Each line of the material holding the word "Point" must be identified and copied.

SOURCE DATA>

[Start of Attachment]

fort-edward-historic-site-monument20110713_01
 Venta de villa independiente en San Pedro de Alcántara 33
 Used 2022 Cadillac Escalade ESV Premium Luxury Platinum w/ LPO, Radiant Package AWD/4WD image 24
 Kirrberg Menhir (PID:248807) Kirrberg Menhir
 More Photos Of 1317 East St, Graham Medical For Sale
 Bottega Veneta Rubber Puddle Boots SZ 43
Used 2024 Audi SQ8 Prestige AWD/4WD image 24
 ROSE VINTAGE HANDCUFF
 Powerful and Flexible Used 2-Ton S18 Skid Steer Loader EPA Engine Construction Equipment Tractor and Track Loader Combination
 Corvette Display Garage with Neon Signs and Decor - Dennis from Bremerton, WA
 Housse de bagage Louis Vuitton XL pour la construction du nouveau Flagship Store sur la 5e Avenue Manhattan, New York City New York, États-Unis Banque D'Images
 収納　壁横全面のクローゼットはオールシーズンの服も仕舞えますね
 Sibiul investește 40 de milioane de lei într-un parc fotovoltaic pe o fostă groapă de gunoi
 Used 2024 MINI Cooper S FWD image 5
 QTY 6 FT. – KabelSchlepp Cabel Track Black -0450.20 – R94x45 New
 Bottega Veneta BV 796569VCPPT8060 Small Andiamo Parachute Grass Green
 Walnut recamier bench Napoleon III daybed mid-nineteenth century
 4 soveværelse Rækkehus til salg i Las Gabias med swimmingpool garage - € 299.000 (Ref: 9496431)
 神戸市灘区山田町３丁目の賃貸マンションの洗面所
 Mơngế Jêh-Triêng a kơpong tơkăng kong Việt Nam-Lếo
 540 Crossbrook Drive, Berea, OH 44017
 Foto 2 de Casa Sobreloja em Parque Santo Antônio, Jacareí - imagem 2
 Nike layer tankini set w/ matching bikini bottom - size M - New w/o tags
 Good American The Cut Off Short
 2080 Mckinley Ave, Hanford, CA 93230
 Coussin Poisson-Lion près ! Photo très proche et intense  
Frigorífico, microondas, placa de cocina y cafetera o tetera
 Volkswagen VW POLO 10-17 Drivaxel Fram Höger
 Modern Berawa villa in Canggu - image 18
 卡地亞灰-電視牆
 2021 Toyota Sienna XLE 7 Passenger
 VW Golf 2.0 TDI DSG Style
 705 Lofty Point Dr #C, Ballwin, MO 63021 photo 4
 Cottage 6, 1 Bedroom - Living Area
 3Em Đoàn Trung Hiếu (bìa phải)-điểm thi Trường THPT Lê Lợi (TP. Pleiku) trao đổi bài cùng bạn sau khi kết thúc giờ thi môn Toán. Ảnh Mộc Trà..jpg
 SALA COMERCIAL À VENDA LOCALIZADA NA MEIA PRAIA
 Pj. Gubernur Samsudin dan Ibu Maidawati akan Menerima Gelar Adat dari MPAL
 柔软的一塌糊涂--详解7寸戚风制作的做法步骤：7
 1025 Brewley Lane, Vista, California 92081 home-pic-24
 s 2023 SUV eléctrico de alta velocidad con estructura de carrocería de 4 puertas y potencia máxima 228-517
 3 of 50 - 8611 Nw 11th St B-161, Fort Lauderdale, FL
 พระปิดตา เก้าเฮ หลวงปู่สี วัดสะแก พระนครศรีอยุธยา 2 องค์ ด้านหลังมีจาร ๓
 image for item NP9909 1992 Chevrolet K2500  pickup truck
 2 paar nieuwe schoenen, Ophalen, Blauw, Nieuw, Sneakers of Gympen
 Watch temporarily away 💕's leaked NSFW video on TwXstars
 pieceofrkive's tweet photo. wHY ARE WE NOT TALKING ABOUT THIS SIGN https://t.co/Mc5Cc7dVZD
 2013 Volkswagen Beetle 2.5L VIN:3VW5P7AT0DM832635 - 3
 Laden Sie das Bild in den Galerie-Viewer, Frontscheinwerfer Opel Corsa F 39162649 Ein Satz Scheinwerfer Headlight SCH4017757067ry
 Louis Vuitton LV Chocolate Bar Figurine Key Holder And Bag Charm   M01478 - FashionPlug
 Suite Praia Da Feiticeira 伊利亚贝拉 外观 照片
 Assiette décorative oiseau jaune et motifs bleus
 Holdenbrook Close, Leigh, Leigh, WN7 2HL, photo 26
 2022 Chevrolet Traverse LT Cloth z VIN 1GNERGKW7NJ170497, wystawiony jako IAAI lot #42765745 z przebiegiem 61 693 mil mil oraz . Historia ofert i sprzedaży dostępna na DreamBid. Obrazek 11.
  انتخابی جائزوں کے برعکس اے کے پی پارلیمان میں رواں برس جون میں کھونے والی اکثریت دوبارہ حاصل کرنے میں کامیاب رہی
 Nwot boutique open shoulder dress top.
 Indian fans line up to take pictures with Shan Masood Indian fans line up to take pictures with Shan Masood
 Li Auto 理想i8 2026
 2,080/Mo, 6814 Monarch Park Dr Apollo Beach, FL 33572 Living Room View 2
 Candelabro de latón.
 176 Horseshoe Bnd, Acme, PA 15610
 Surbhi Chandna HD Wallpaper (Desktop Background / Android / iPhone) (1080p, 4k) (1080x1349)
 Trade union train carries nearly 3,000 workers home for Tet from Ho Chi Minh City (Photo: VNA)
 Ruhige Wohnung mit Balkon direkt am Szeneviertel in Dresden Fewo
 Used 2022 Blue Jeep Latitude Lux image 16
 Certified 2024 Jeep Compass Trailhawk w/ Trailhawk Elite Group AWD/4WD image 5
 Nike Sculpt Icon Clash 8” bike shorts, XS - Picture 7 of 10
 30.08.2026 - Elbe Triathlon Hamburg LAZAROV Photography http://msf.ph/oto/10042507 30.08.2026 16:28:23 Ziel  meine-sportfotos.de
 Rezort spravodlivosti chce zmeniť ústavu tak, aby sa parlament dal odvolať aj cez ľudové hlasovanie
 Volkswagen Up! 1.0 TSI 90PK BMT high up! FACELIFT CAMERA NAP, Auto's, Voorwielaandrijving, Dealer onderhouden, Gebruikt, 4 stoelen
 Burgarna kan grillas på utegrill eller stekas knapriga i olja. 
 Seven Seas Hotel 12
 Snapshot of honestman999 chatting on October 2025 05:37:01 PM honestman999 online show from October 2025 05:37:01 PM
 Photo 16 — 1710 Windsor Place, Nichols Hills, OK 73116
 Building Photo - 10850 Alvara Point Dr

[End of Attachment]

ANSWER SECTION>
 705 Lofty Point Dr #C, Ballwin, MO 63021 photo 4
 Building Photo - 10850 Alvara Point Dr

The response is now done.